» **PROBLEM TO SOLVE**:
Extract only the first line of the listing and every line after it up to and including the one with "Diablo Funko Pop". Omit the pictures.

*****

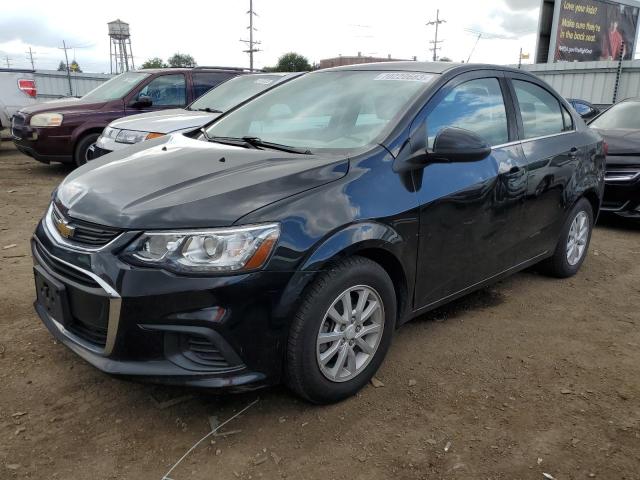 2017 Chevrolet Sonic LT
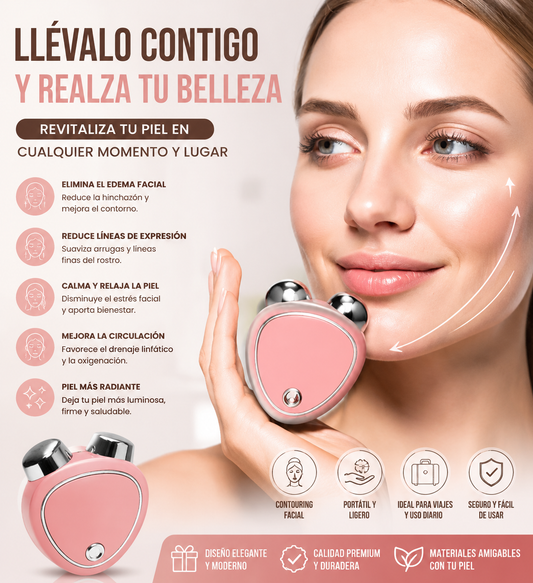 Masajeador Facial Corazón Portátil ✨💗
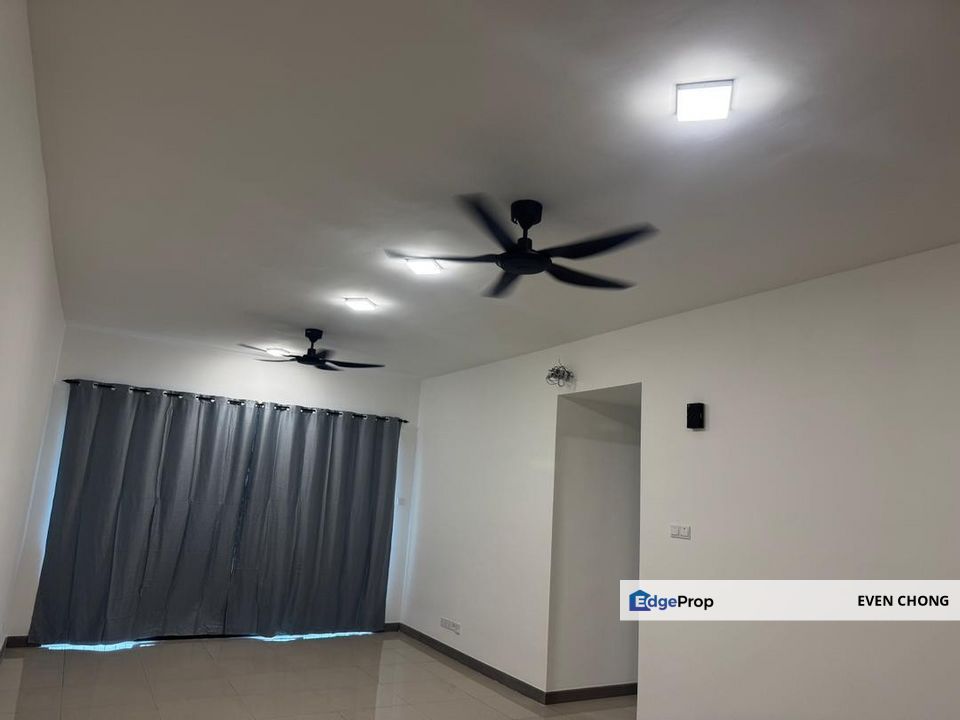Bandar Sungai Long Aster Residence move in condition unit for sale, Selangor, Kajang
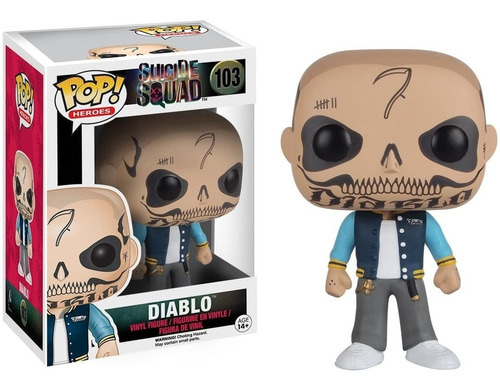 Diablo Funko Pop Suicide Squad Escuadrón Suicida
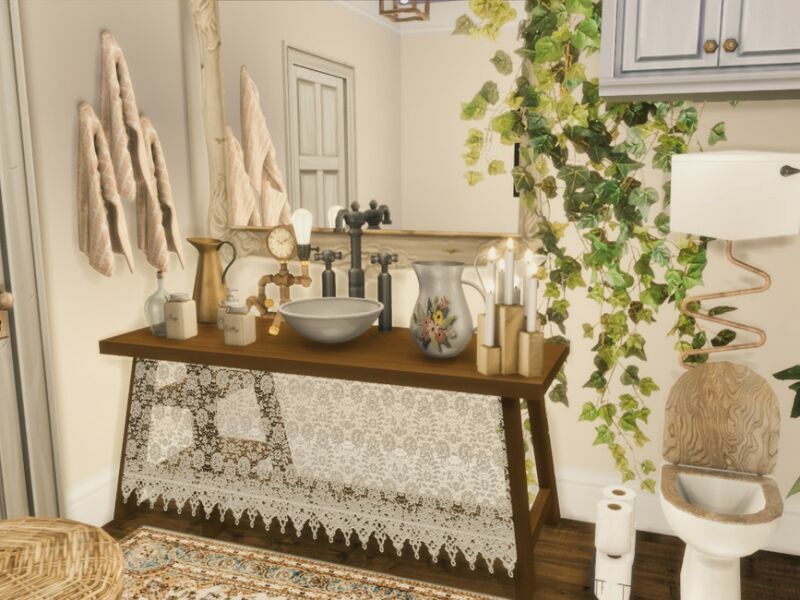 sims 4 cc village victorian bathroom only tsr cc by genkaiharetsu 4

*****

» **TASK SOLUTION**:
 2017 Chevrolet Sonic LT
 Masajeador Facial Corazón Portátil ✨💗
Bandar Sungai Long Aster Residence move in condition unit for sale, Selangor, Kajang
 Diablo Funko Pop Suicide Squad Escuadrón Suicida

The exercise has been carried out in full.